[[ Extracted entries open ]]
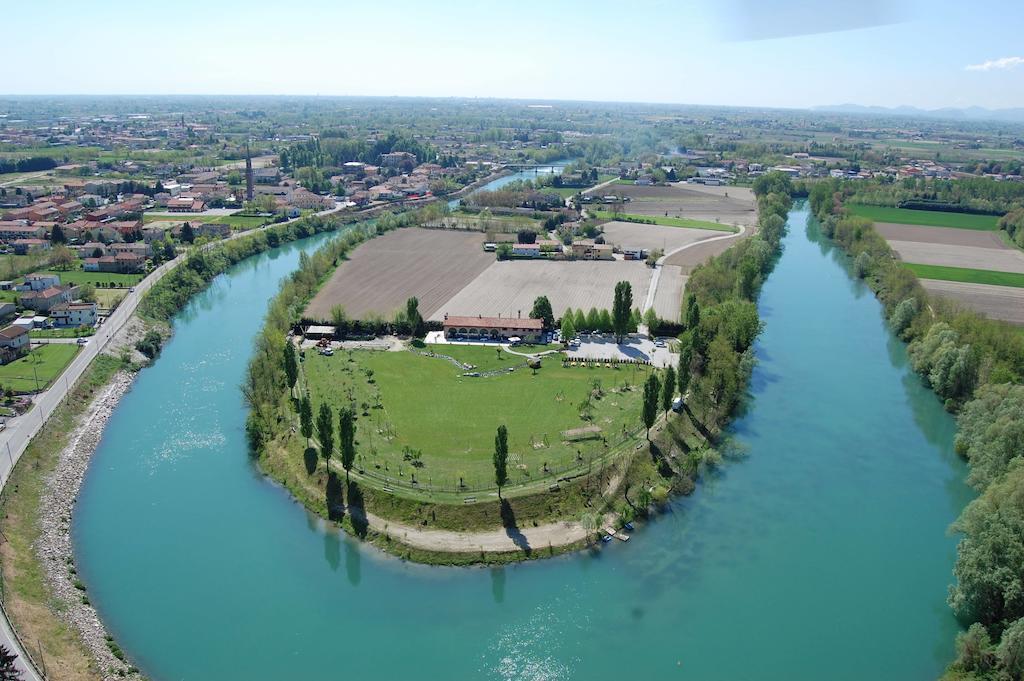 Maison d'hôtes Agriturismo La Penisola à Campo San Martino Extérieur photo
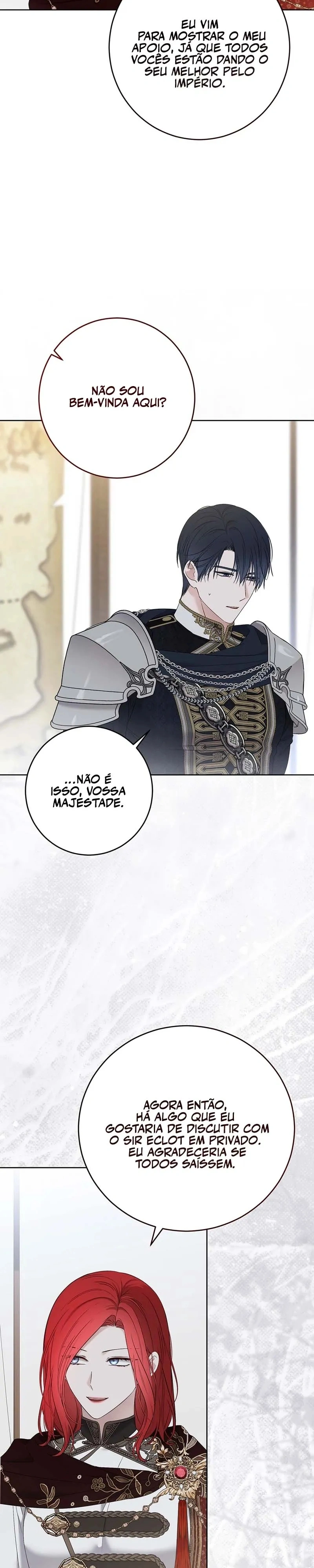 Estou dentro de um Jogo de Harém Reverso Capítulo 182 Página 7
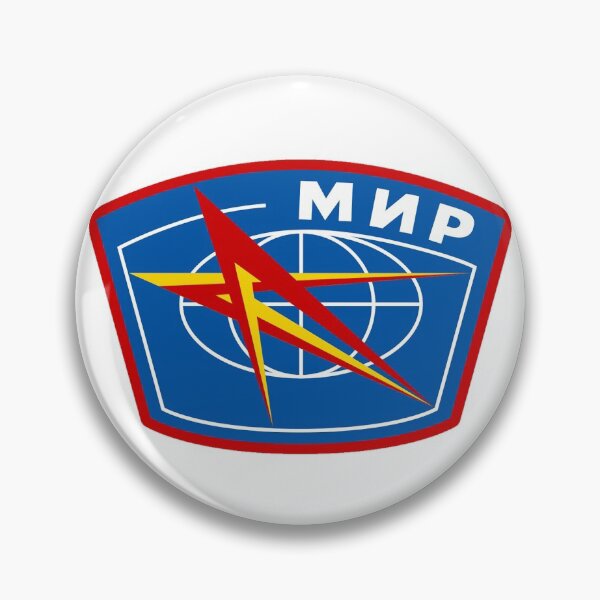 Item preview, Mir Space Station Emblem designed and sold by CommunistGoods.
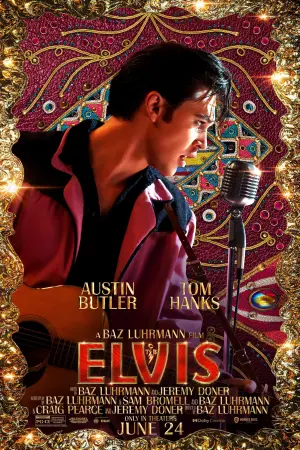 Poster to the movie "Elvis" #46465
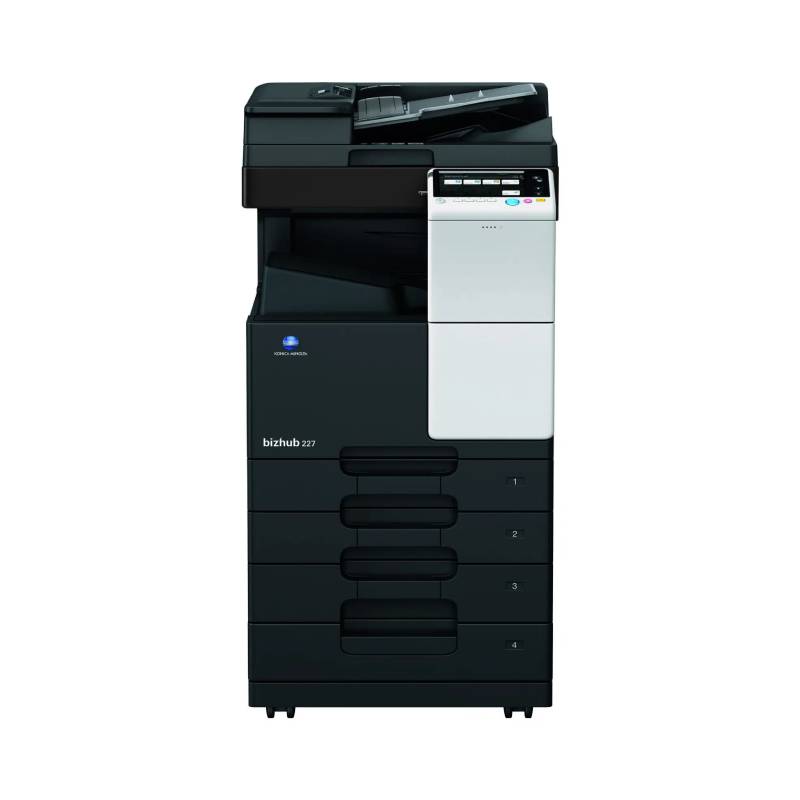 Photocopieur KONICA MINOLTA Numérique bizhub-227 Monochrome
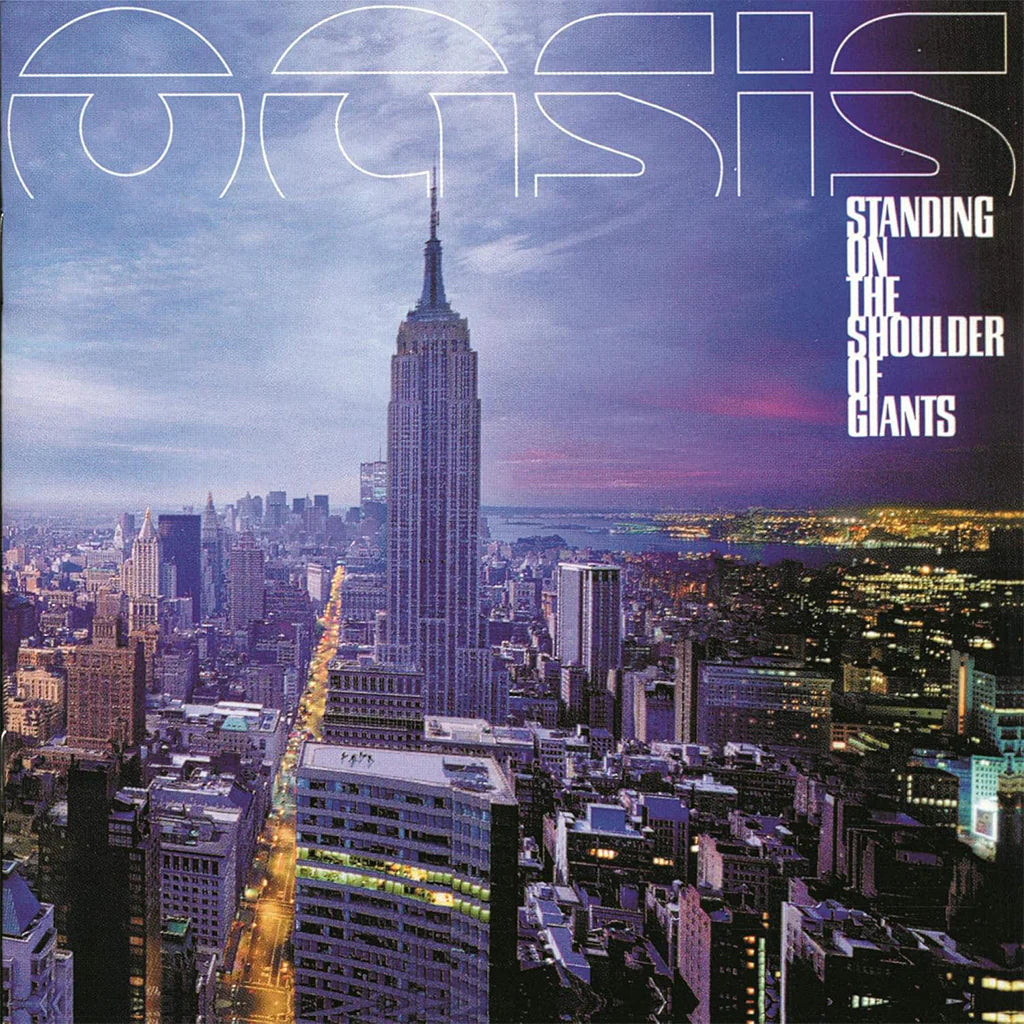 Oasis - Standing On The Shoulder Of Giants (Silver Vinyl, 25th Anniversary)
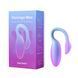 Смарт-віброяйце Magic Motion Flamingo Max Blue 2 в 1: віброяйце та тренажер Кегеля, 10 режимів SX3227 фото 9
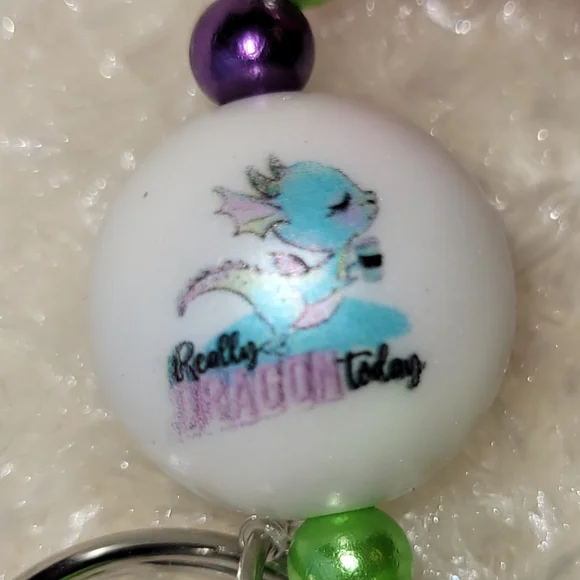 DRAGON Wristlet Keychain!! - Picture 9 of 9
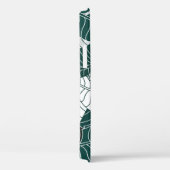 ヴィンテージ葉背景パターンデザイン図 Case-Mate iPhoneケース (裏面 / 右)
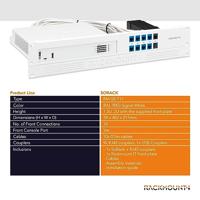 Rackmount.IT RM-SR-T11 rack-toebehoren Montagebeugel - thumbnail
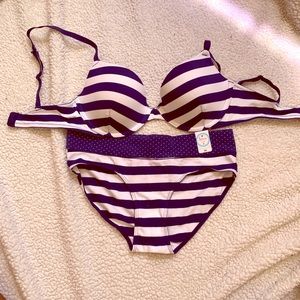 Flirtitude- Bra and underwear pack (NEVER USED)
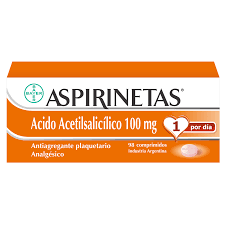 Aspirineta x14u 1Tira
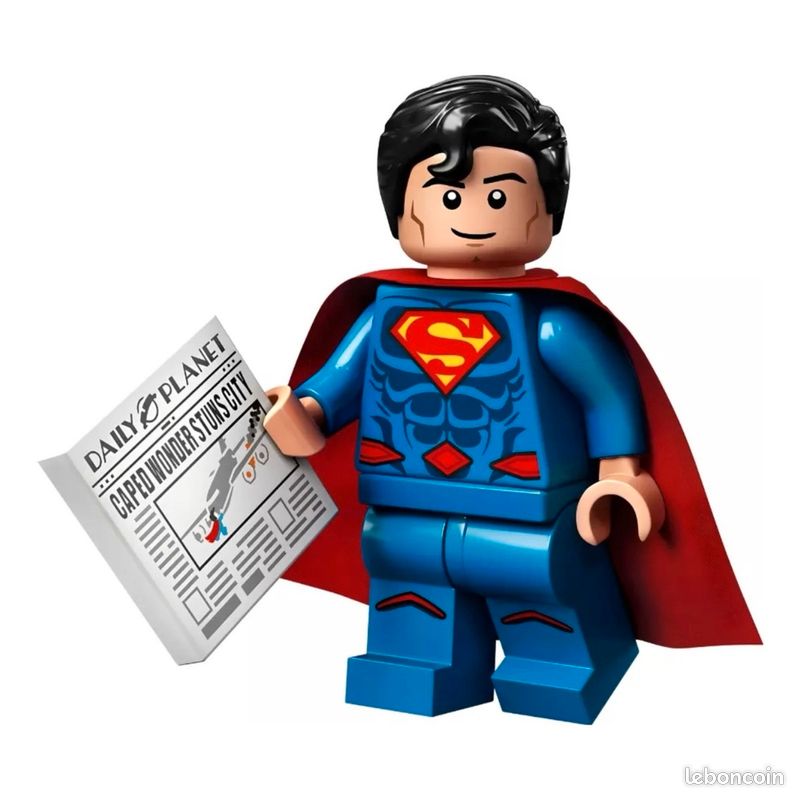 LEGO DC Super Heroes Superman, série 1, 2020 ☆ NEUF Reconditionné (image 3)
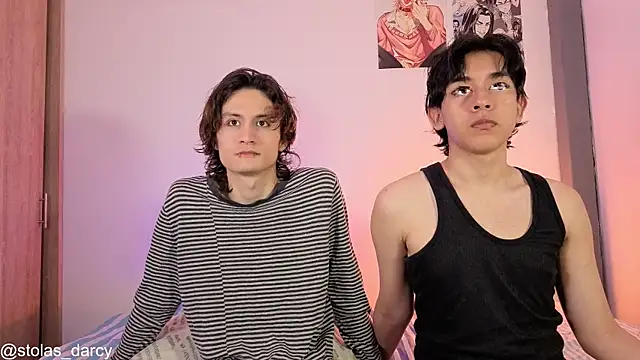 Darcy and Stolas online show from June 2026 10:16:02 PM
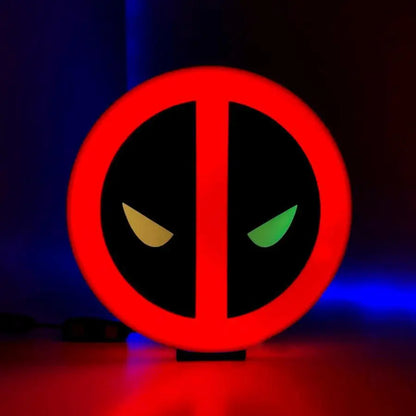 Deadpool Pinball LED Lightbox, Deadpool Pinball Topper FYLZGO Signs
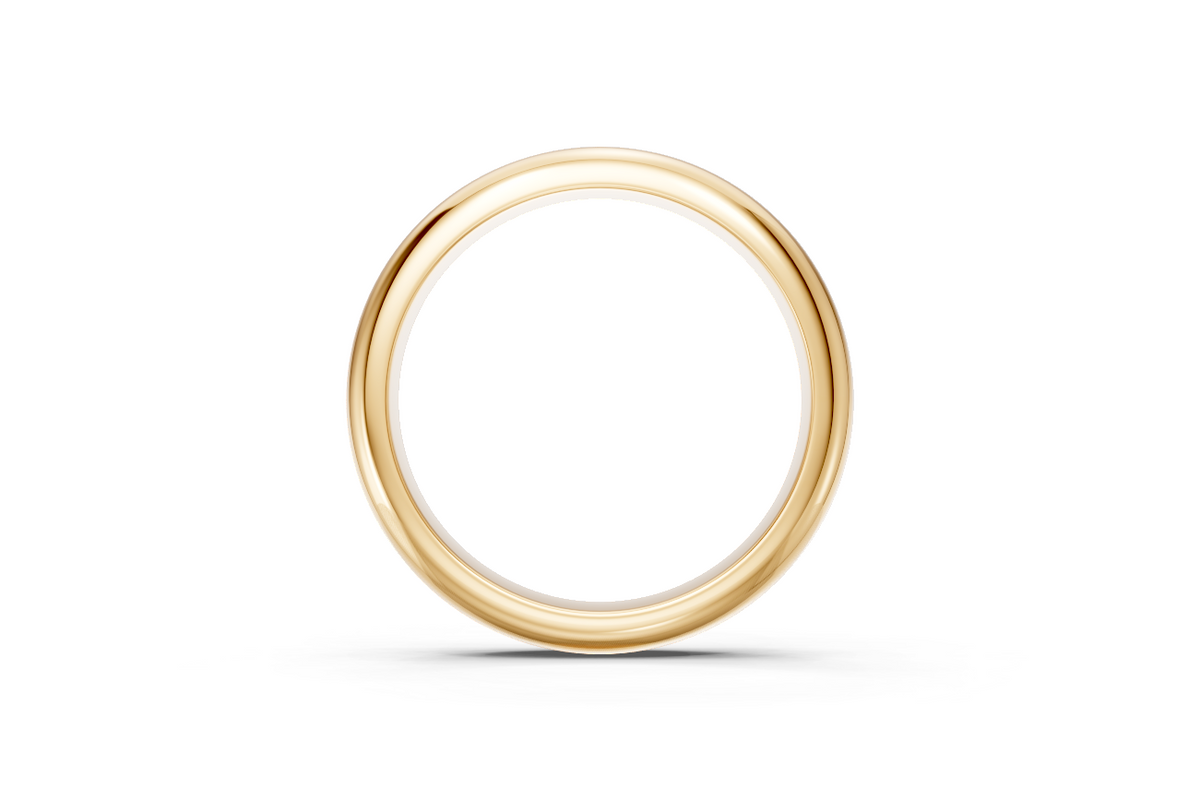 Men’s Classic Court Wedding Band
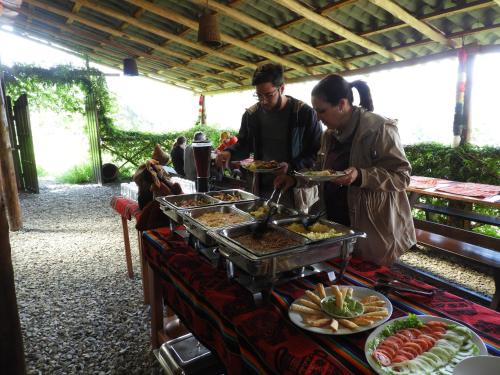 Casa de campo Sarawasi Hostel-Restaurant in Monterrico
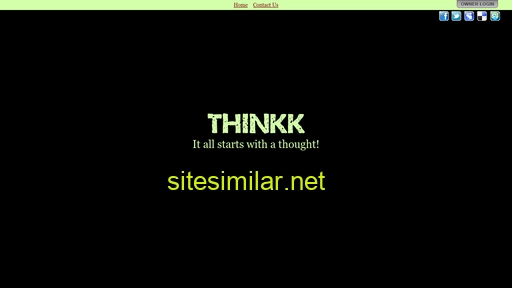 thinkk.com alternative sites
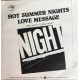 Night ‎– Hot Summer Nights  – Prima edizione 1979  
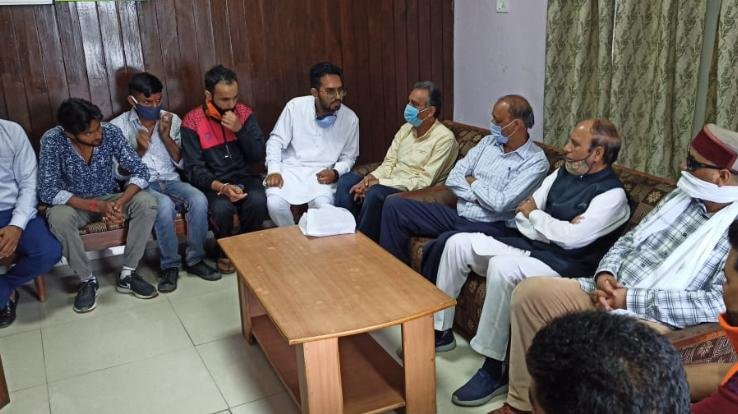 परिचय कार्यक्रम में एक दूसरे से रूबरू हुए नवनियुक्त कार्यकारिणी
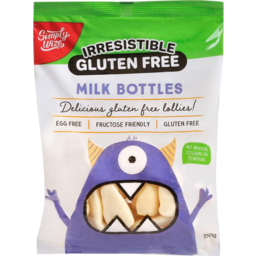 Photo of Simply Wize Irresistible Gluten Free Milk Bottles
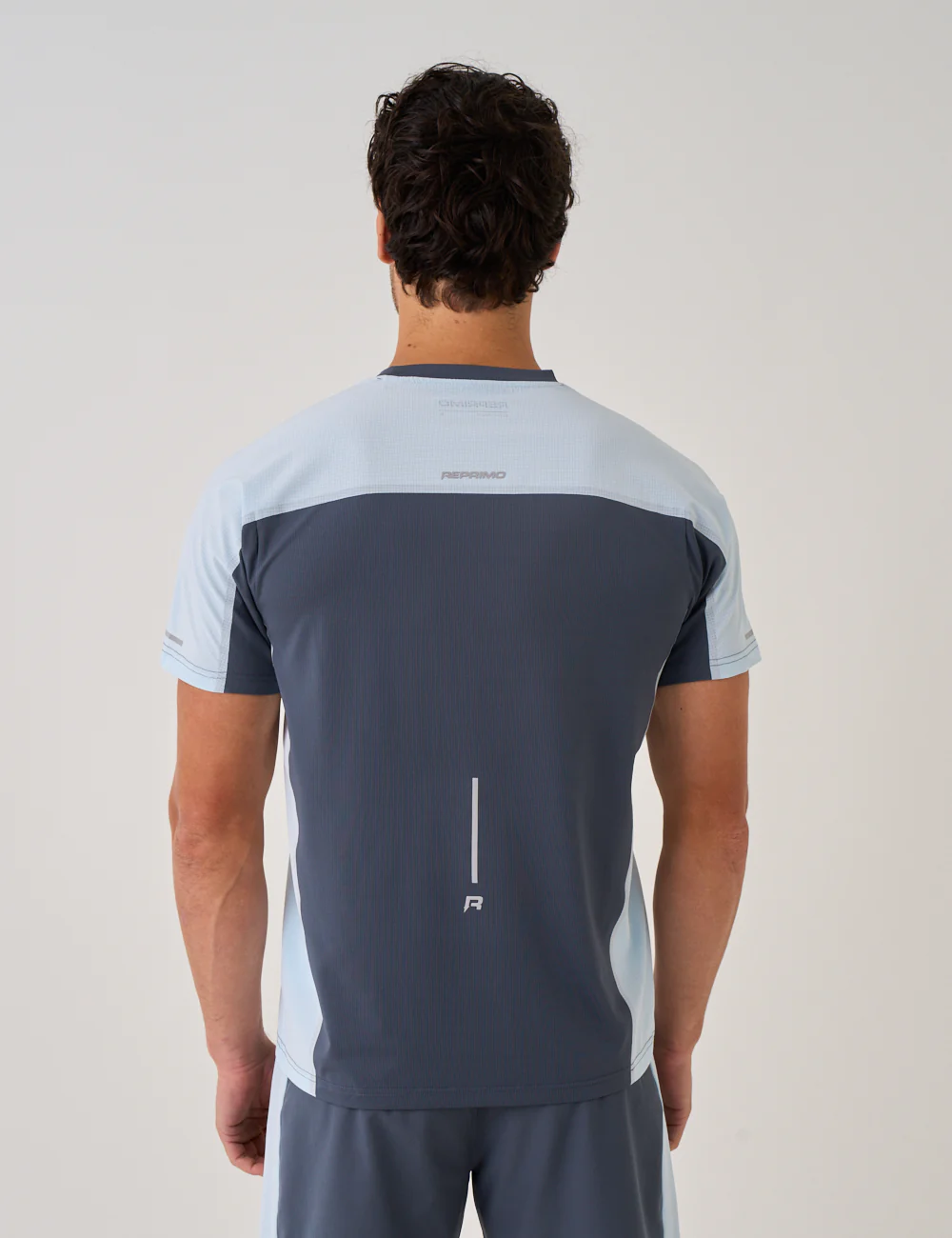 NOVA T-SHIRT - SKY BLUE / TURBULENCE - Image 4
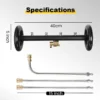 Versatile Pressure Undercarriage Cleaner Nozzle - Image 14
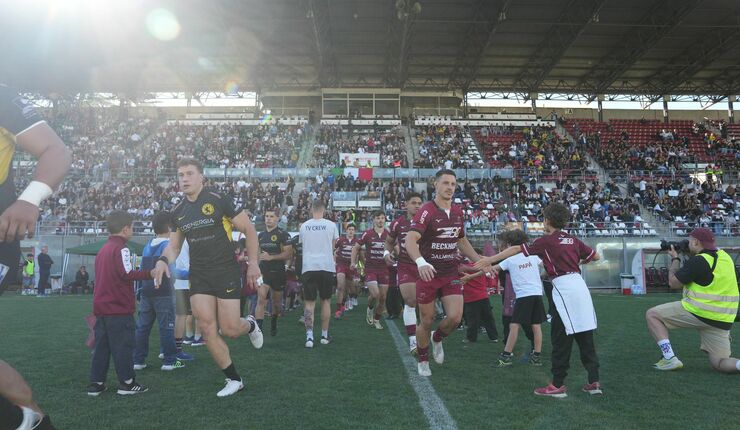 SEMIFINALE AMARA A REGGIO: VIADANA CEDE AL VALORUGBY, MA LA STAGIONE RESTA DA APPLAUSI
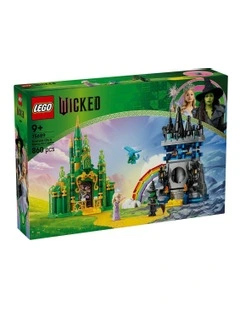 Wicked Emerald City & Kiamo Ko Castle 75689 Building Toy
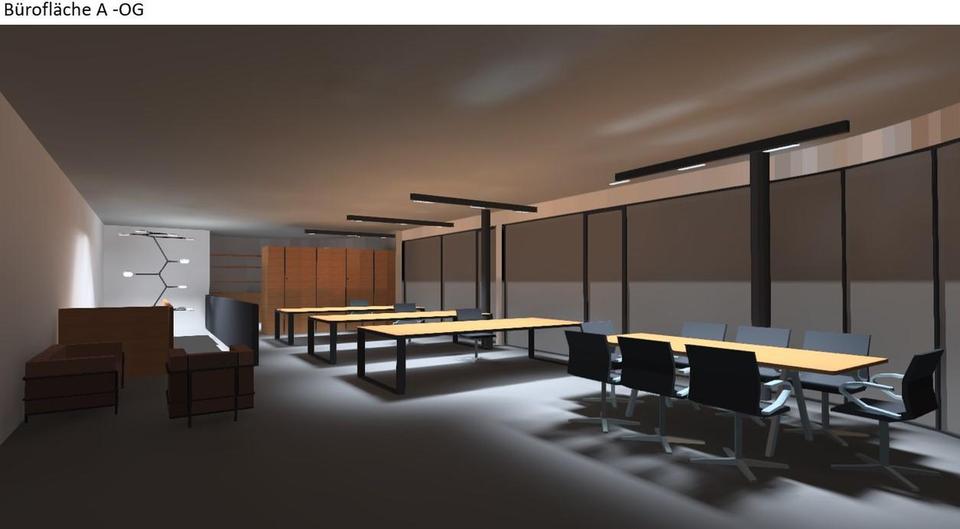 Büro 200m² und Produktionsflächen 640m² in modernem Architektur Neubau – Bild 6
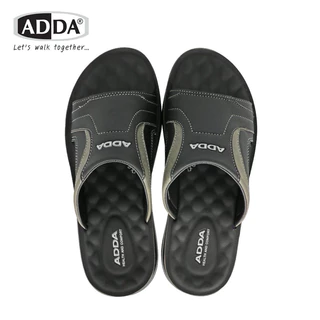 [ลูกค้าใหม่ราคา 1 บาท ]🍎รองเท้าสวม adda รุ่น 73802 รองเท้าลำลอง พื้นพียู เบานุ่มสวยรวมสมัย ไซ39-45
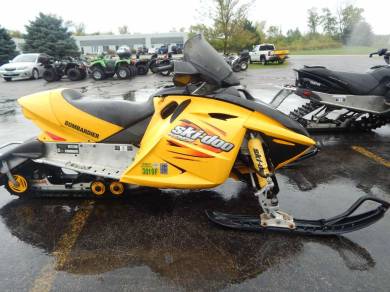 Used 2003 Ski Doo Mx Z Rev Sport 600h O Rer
[[ Extracted entries closed ]]
**Assignment**
Your answer should consist solely of the lines from the one with "NOVA T-SHIRT - SKY" through the last line of the entries, restated word for word, with the pictures omitted.

**Output below**
 NOVA T-SHIRT - SKY BLUE / TURBULENCE - Image 4
 Versatile Pressure Undercarriage Cleaner Nozzle - Image 14
 SEMIFINALE AMARA A REGGIO: VIADANA CEDE AL VALORUGBY, MA LA STAGIONE RESTA DA APPLAUSI
 Wicked Emerald City & Kiamo Ko Castle 75689 Building Toy
 Büro 200m² und Produktionsflächen 640m² in modernem Architektur Neubau – Bild 6
 [ลูกค้าใหม่ราคา 1 บาท ]🍎รองเท้าสวม adda รุ่น 73802 รองเท้าลำลอง พื้นพียู เบานุ่มสวยรวมสมัย ไซ39-45
 Used 2003 Ski Doo Mx Z Rev Sport 600h O Rer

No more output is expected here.